Some urls have been crawled and parsed multiple time. I need some program to detect these duplicates and delete them if needed.
- Path to a directory of files in the format x.parsed where x is a number (directory also includes a logs.txt file but can be ignored)
- Options
- -d: Delete documents with urls that we have already seen before (should make sure each url appears once)
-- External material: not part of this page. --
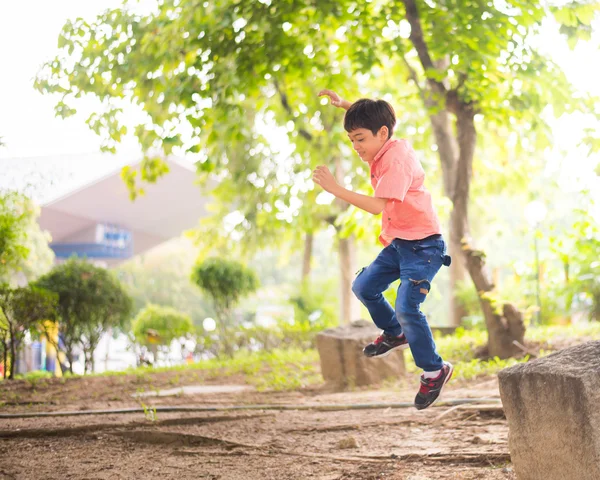 Küçük çocuk parkta atlama — Stok fotoğraf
The x.parsed file looks like this:
URL: https://en.wikipedia.org/wiki/Special:Random Doc number: 0
<title>
...
</title>
<words>
...
</words>
<links>
...
</links>
Get the url of a document by parsing in between URL: and Doc
The program should output a url to document name mapping where a url may contain more than one document
https://en.wikipedia.org/wiki/Special:Random:
-> 0.parsed
-> 5.parsed
-> 1311.parsed
https://google.com
-> 1.parsed
https://reddit.com
-> 2.parsed
-> 12.parsed
If the -d flag is enabled, the output should also contain
Original document count: x
Documents removed: y
Final document count: x-y
There are a lot of sites that we wouldn't want in our index. We want to find these sites and how many times it occurs and potentially delete x.parsed files that contain these urls.
- Base url of a site. For example, wikipedia links look like https://en.wikipedia.org/wiki/Colonization_of_the_Congo_Basin but the base url is https://en.wikipedia.org/. If I want to find all sites that belong to wikipedia, I will pass in https://en.wikipedia.org/
- Options
- -d: Delete documents that contain urls where the base url matches with the input
A list of url and document with the base url and the number of documents that match it.
https://en.wikipedia.org/wiki/hi: 0.parsed
https://en.wikipedia.org/wiki/no: 15.parsed
https://en.wikipedia.org/wiki/because: 231.parsed
...
Number of document matches: x
If the -d flag is enabled, the output should also contain
Original document count: x
Documents removed: y
Final document count: x-y